Le premier a été celui lancé par l’ancien président Laurent Gbagbo, le 14 juillet 2024, lors de son meeting de Bonoua. Son désormais ex-épouse, Simone Ehivet Gbagbo, avait elle aussi, lancé un autre appel le 9 août dernier au siège du PDCI-RDA où elle se donne pour mission de rassembler l’opposition et certaines organisations de la société civile, avec en ligne de mire, l’élection présidentielle de 2025. Le dernier et le troisième appel, du moins pour l’instant, est celui lancé par Charles Blé Goudé, lors de sa tournée à Bondoukou. De ces trois appels, ceux qui semblent cristalliser toutes les attentions, sont ceux lancés par l’ancien président Laurent Gbagbo et le bras séculier de sa jeunesse, lorsqu’il était au pouvoir entre 2000 et 2010. Si Simone a dit un oui diplomatique à l’appel de son ancien mari, Charles Blé Goudé lui, n’a pas pris de gants pour décliner cette invitation. Mieux, l’ancien leader de la galaxie patriotique qui a brocardé l’appel de son mentor d’hier, a invité les Ivoiriens à s’inscrire dans l’appel qu’il a lui-même lancé à Bondoukou. Ce qui fait qu’aujourd’hui, le microcosme politique se trouve face à deux appels lancés, deux pièces d’une même médaille : deux égéries de l’ancien parti au pouvoir.

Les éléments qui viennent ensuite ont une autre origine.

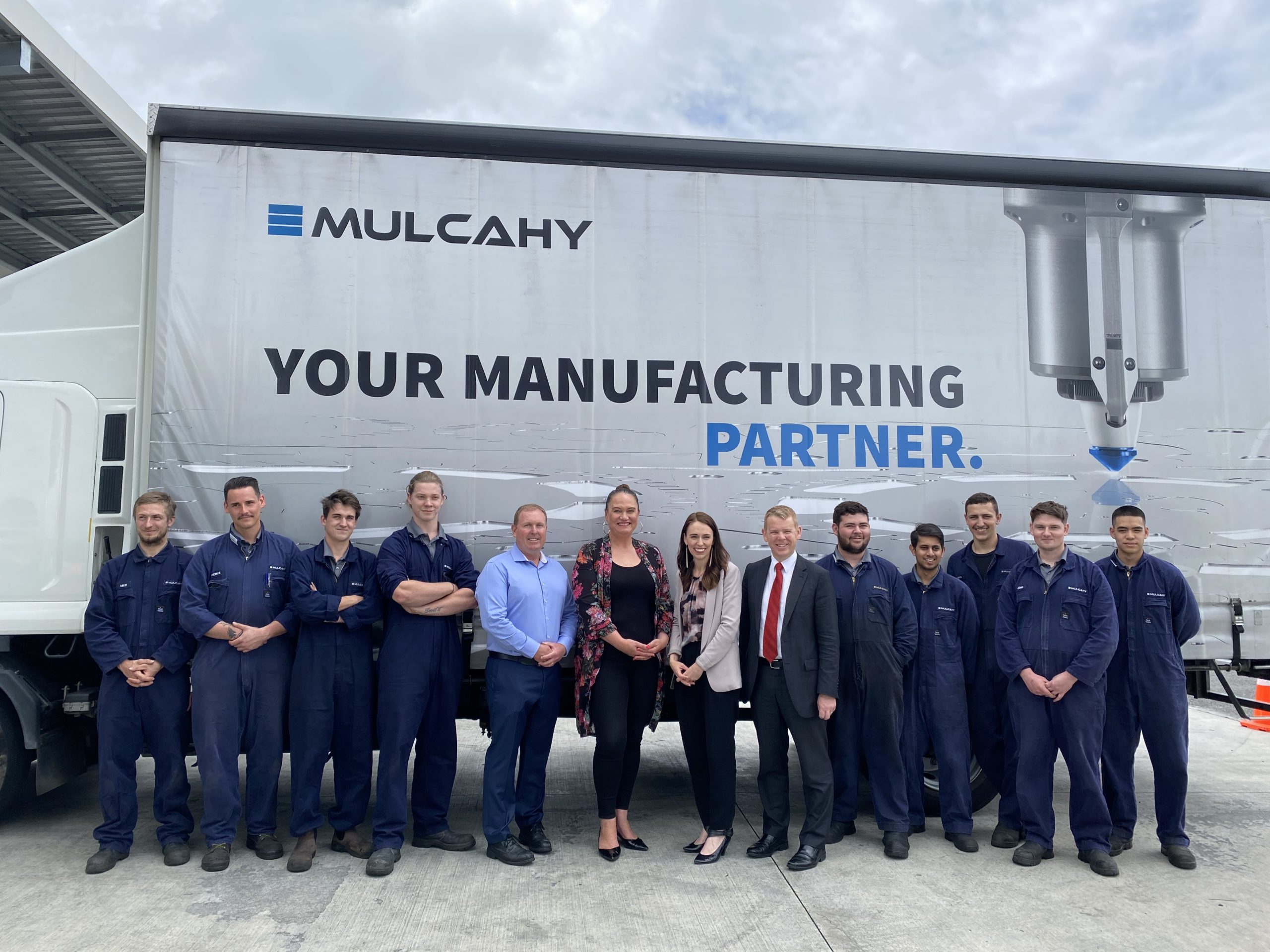 Group shot beside truck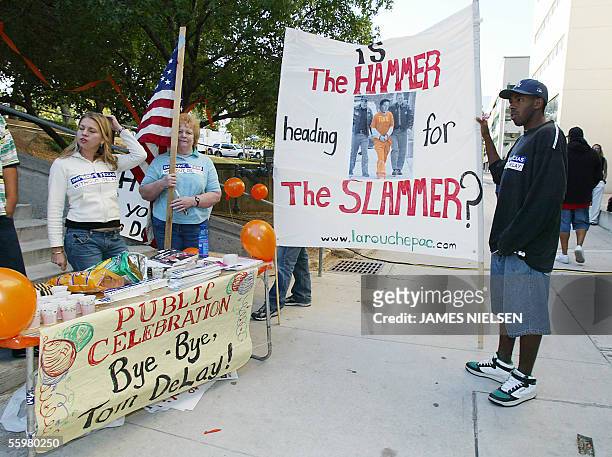 Austin, UNITED STATES: Protesters hold signs against US Representative Tom DeLay outside the Texas State Capitol in Austin, Texas, 21 October, 2005....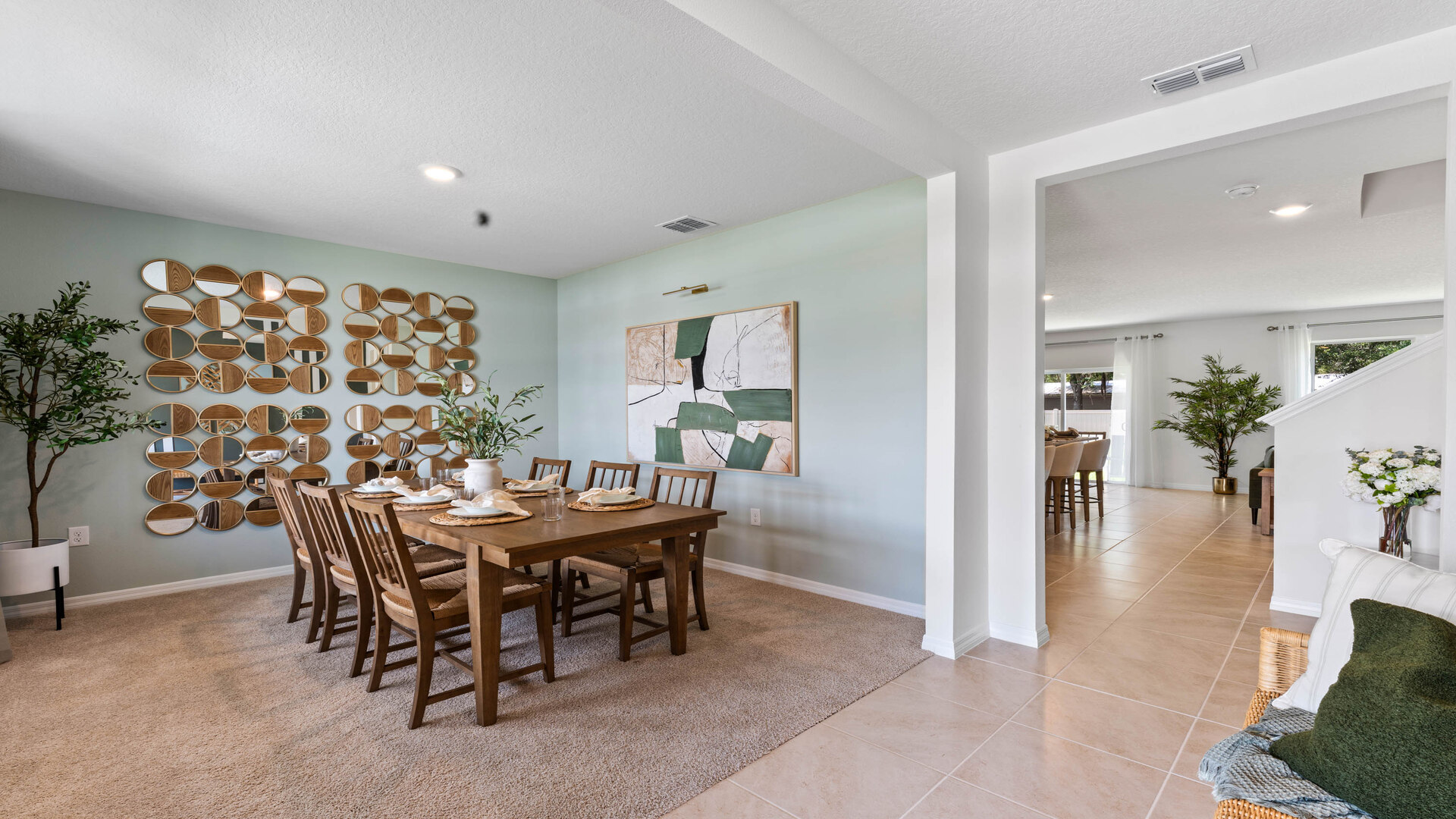 Spacious dining room with table and seating by entry way.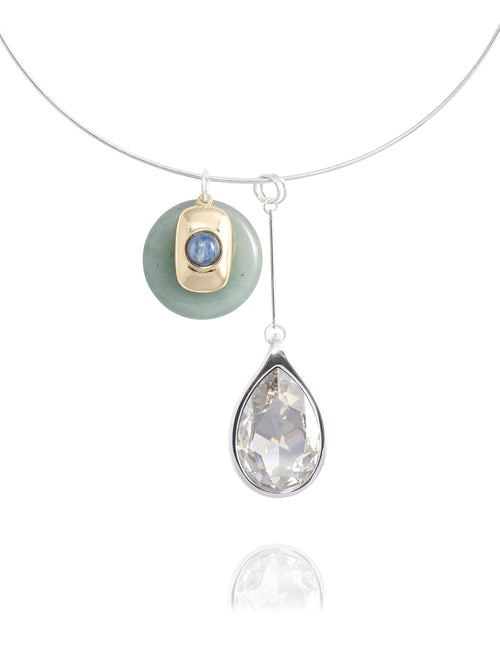 Close-up detail of the MOUNSER Rega Collar Necklace in Cucumber showing the jade disc with blue kyanite and 14k gold-plated brass accent above an elongated clear Austrian crystal teardrop in rhodium-plated brass setting, with reflection.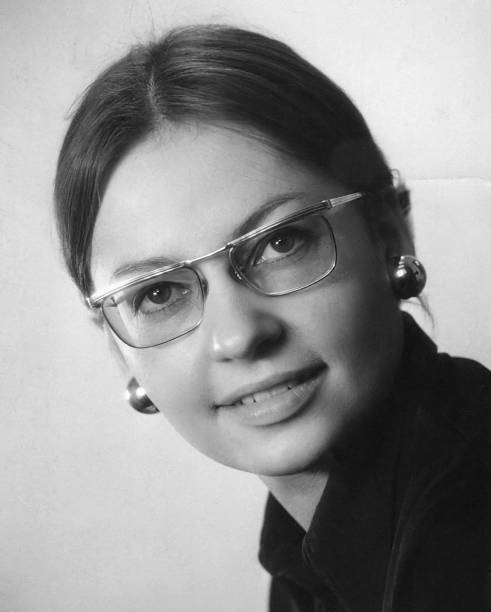 A black and white photo of a young woman in glasses stock photo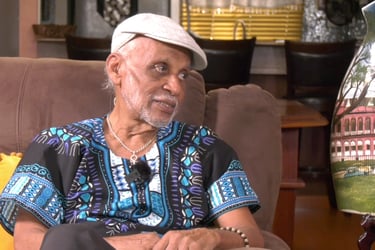 Clive Nunez actor in living room speaking on set of Legacies – The Series. Caribbean television scen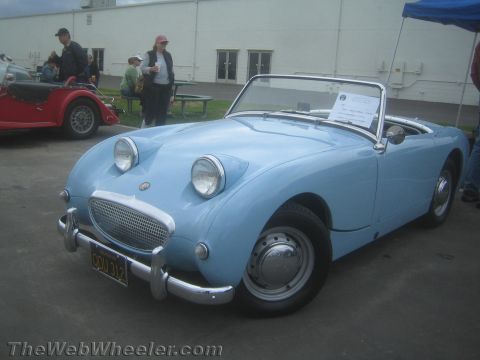 1968 Ford Mustang - Photo of a light blue Austin-Healey Bugeye Sprite at a car show, not a technical document.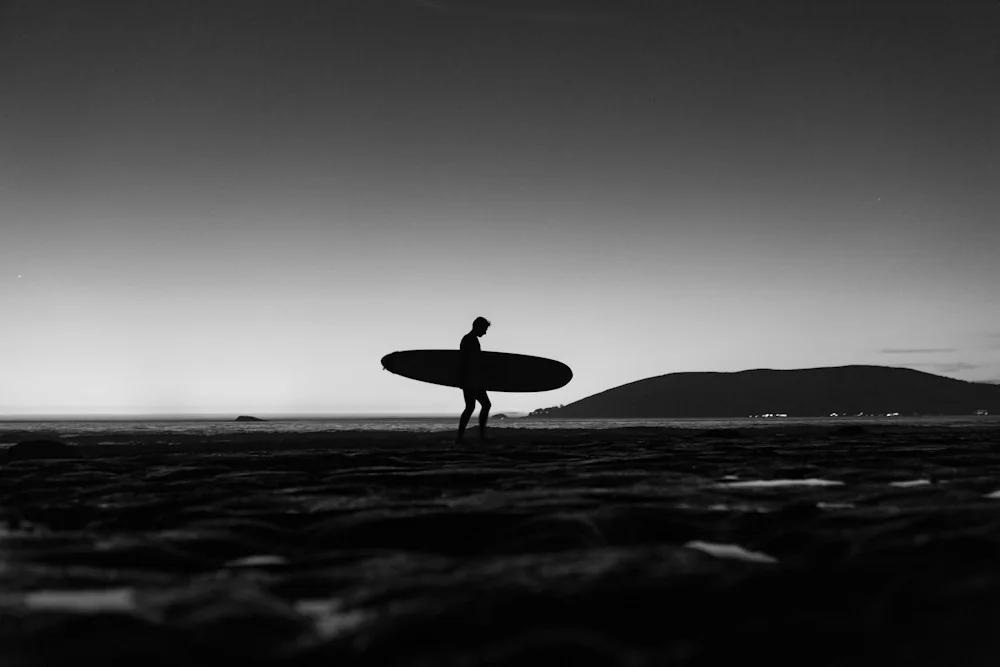 A surfer silhouetted against the ocean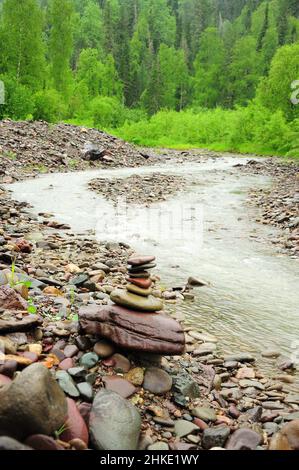 Una piccola piramide di pietre sulla riva tortuosa di un piccolo fiume di montagna che scorre attraverso la foresta mattutina dopo la pioggia. Fiume Iogach, Altai, Siberia, R. Foto Stock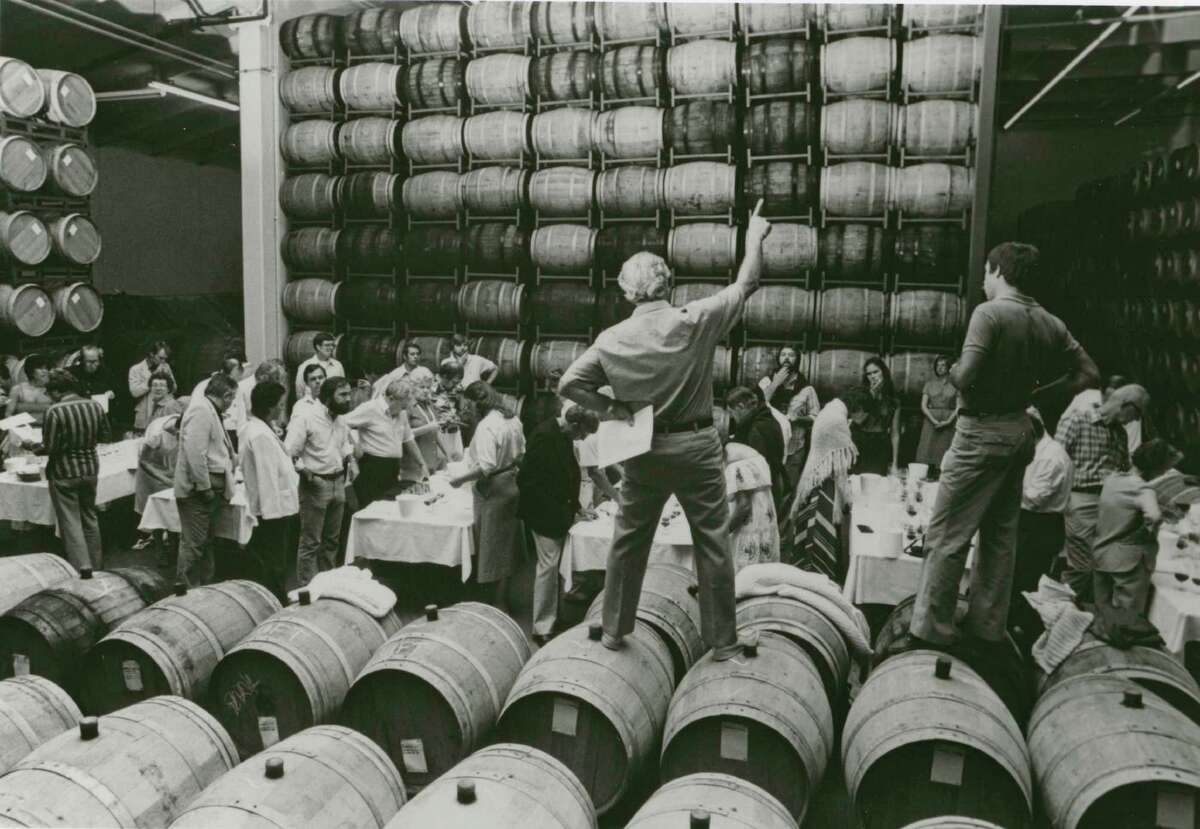 Napa pioneer Robert Mondavi, founder of Robert Mondavi Winery, addresses a group from the barrel room in the late 1970s.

Au-delà de supputer sur lequel de l’appel lancé par le père ou le fils rencontrera l’adhésion de certains Ivoiriens, il importe de s’arrêter sur le sens et la portée de chacun d’eux. À l’analyse des faits, l’on pourrait dire que l’appel de Bondoukou prend le contre-pied de l’appel de Bonoua. En d’autres termes, Charles Blé Goudé, à travers le message qu’il a lancé à Bondoukou, veut faire passer un message clair à l’opinion : Entre lui et son ancien mentor Laurent Gbagbo, la rupture politique est totalement consommée et actée. Mieux, Blé Goudé, à travers son appel, estime qu’il ne peut même pas envisager un jeu d’alliance avec son ancien mentor. Et sur la question, le président du COJEP a été suffisamment clair, le jeudi 15 août 2024, à la faveur de « l’Ecole du parti », organisée par la direction de l’encadrement et de la formation de son parti. « Moi, je ne peux pas me mettre avec quelqu’un qui dit : Venez on va enlever celui-là. Moi, je ne fonctionne pas comme cela. Enlever quelqu’un n’est pas un programme de gouvernement », avait indiqué Charles Blé Goudé. Indépendamment de cette position assumée du président du COJEP, l’appel de Bonoua vise manifestement autre chose.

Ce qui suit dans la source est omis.